A partir de 2012 até 2016 muitos discos de suma importância da geração rock dos anos 1980 irão completar 30 anos de lançamento. Porém, o que me interessa aqui são os pioneiros, que são cinco (queira ou não): Rádio Taxi, As Aventuras da Blitz, Essa Tal de Gang 90 & Absurdettes e Os Maiores Sucessos de João Penca e Seus Miquinhos Amestrados.
Só anos depois, quando abri meus ouvidos para além do punk rock e hardcore, é que eu comecei a curtir a Blitz. Eu gostava mesmo era de “A Dois Passos do Paraíso”. E veja só você que, apesar disso, sabia cantar várias. Era febre. De fato só tocava “Você Não Soube Me Amar” nas rádios.

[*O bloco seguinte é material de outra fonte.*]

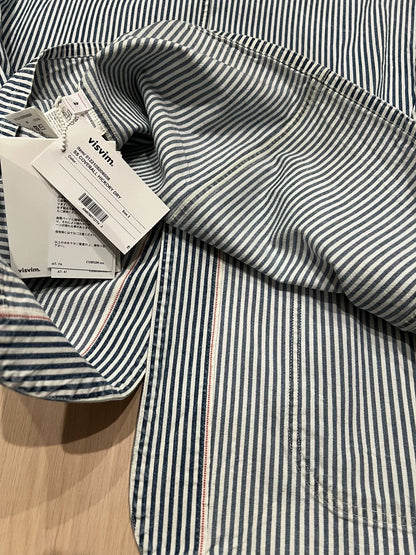 VISVIM 22SS Hickory Dry Denim Jacket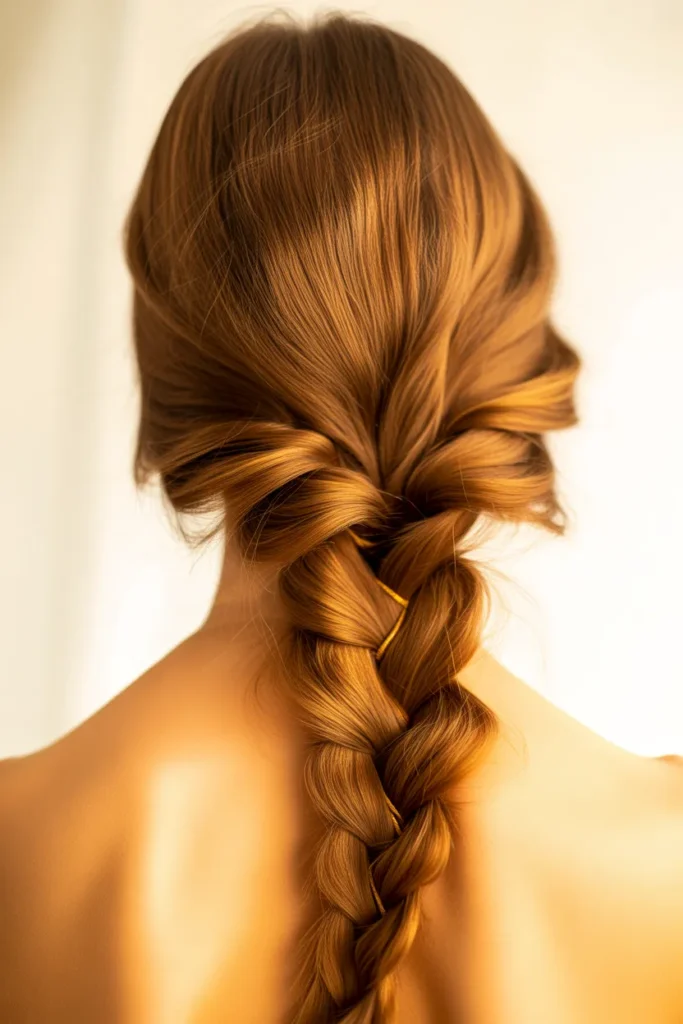 Golden Thread Braid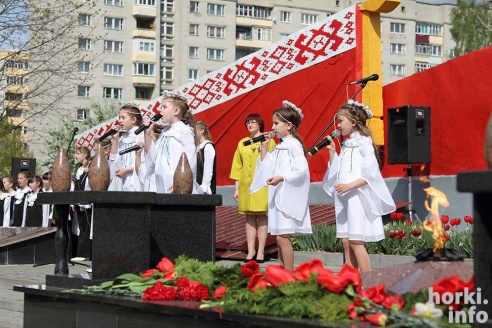 День Победы в Горках. Живой фоторепортаж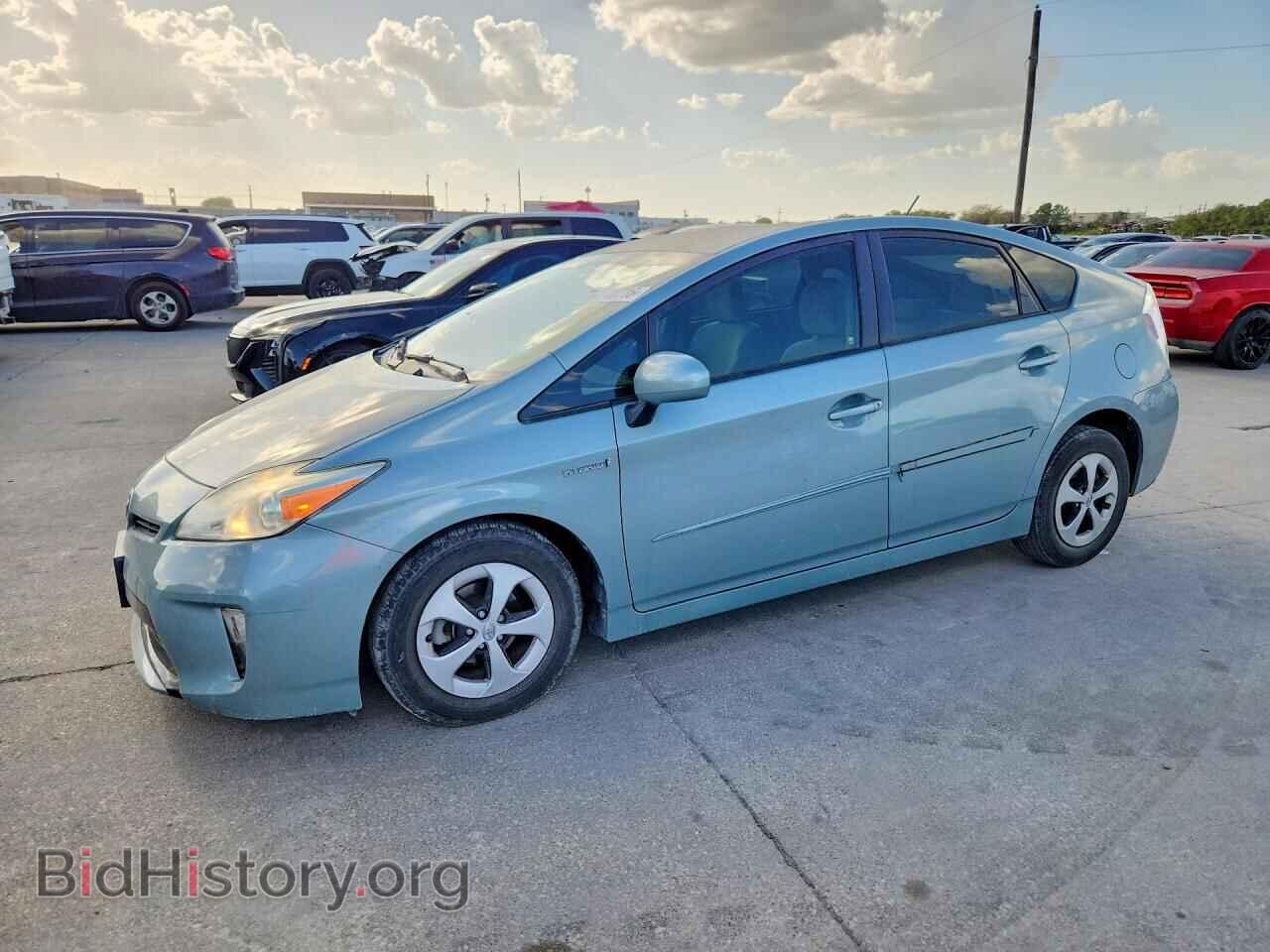 Фотография JTDKN3DU0C1590661 - TOYOTA PRIUS 2012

Esses cinco discos que pontuei fazem parte do início da invasão de uma nova geração, uma nova linguagem e novo comportamento. Músicas com gírias jovens, com o português mais coloquial não existiam antes de Radio Taxi, Blitz, Gang 90, João Penca. Esses discos abriram caminho, foram pioneiros. Afinal, naquela época era muito arriscado querer quebrar paradigmas.
Algumas postagens serão maiores que o normal, mas aí é só lê-las em partes, porque elas são especiais. Infelizmente não estou de posse de meu material pessoal de pesquisa, mas é só dar uma pesquisada aqui no Sete Doses de Cachaça que certamente você encontrará algum outro material ligado diretamente a esse assunto.
Resolvi começar esse especial com o primeiro disco da Blitz, As Aventuras da Blitz, lançado em setembro de 1982, por motivos óbvios. Foi ele que fez as gravadoras abrirem os olhos para as novas bandas de rock. O disco abusou da linguagem coloquial e “Você Não Soube Me Amar” era uma coisa de doido. Todo mundo queria a Blitz. O compacto vendeu como água e o disco também. Rendeu até uma paródia histórica que eu achei no You Tube e fiquei dando risada sozinho, porque fazia décadas que eu não escutava. Blitz rendeu programas de televisão, álbum de figurinha, entre outros produtos.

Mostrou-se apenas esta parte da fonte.